Des personnages, des bouts de soi plus ou moins figuratifs, des paysages imaginaires.
Si longtemps j’ai attendu que la matière se révèle sous mes mains, sans savoir à l’avance ce que ça donnerait ; depuis plusieurs années je mets des bords à la création. Un thème, une idée, traverse dès le départ et laisse des impressions. Avide des formations de l’inconscient, de ce qui râte, ce qui échappe, j’ai toujours tenté d’en traduire quelque chose dans mes touches et mes traits.
C’est pour ce moment où le corps reprend ses droits et où la forme apparaît d’elle-même, un instant, fugace, où ça se fait tout seul.
Mon langage artistique a longtemps était concentré sur la peinture, la matière vivante. Aujourd’hui la peinture ne m’a pas quitté mais se croise avec le dessin. Il s’agit d’une création en atelier uniquement, un espace bouclé, réduit qui n’en appelle qu’à ma solitude.
Mes premières années de création s’affirmaient tout en explosion pulsionnelle, la touche était généreuse, spontanée, en réalité de corps : la souplesse de l’acrylique à même la main et pastel gras. Un travail avec l’accident, l’apparition de formes, le hasard des lignes. Puis la seconde période pour moi était un rappel à la technique avec pastel sèches, fusain, acrylique et encre, au pinceau et ponctuellement aux mains. Mon travail a évolué vers plus de figurations. Les touches sont mesurées, toujours récit auto-biographique.

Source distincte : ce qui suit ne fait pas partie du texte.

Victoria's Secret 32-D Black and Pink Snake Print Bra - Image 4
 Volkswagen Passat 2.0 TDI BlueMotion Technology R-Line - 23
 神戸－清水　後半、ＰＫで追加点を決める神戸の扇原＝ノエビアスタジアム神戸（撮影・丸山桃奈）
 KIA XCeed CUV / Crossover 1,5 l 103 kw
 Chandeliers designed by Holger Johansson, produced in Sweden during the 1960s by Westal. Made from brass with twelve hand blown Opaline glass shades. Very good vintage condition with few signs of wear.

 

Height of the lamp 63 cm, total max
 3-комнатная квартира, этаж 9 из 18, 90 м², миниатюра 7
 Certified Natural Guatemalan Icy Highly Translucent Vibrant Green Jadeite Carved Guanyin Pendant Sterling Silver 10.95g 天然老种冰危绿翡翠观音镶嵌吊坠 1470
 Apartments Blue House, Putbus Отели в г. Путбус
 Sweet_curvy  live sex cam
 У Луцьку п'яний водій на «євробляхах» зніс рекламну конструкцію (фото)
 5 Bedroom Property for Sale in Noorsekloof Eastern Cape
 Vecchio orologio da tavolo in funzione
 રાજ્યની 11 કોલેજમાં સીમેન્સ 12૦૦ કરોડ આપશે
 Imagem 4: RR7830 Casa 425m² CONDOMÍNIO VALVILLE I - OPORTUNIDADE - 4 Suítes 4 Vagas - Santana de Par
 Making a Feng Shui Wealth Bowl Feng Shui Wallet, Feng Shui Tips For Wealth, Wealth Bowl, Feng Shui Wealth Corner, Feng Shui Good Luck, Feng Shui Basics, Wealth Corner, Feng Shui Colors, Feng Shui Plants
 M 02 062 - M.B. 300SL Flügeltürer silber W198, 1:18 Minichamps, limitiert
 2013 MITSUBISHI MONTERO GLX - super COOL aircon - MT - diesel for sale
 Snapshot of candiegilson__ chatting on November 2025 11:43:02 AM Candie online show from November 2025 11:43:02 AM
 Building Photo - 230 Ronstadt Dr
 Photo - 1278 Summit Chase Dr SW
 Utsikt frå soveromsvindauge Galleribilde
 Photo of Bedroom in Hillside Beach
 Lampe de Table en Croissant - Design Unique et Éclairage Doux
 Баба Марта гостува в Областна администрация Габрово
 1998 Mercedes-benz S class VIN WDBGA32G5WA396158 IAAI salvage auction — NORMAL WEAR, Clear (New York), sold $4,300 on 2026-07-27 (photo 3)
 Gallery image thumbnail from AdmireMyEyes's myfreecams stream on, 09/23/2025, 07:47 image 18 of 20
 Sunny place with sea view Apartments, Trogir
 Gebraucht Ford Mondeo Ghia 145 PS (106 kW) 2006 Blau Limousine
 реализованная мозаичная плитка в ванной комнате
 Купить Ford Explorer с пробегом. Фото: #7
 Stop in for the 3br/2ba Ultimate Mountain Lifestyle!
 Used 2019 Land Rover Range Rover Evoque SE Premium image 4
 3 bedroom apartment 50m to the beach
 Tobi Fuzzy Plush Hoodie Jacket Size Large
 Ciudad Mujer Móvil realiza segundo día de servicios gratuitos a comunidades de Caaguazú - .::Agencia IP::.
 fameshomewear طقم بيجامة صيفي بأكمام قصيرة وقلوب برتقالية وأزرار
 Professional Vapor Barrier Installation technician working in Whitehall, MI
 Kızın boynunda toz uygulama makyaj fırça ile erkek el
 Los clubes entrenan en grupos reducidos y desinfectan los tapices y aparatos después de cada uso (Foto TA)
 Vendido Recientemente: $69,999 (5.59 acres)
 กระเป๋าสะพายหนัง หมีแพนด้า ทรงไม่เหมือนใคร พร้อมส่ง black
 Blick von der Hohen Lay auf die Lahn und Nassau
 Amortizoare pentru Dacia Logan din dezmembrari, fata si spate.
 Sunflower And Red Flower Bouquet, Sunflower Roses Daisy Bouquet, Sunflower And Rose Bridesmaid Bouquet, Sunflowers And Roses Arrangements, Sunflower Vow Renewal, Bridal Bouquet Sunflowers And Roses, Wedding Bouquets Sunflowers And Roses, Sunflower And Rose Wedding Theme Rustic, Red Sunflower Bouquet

Les créations sont autant d’histoires et de témoignages d’instants. Une intimité qui fait sublimation et qui allège. Si ma pratique de psychanalyste et psychologue s’irrigue probablement de ce mouvement, elle ne voit qu’en fragments. La parole a ses limites et l’expression artistique la devance toujours comme Jacques Lacan le soutenait. Cette expression fut la première à naître chez moi, l’origine du pas de côté sur le vécu. C’est ici que quelque chose d’identitaire et de singulier s’est forgé. Des personnages, des bouts de soi plus ou moins figuratifs, des paysages imaginaires.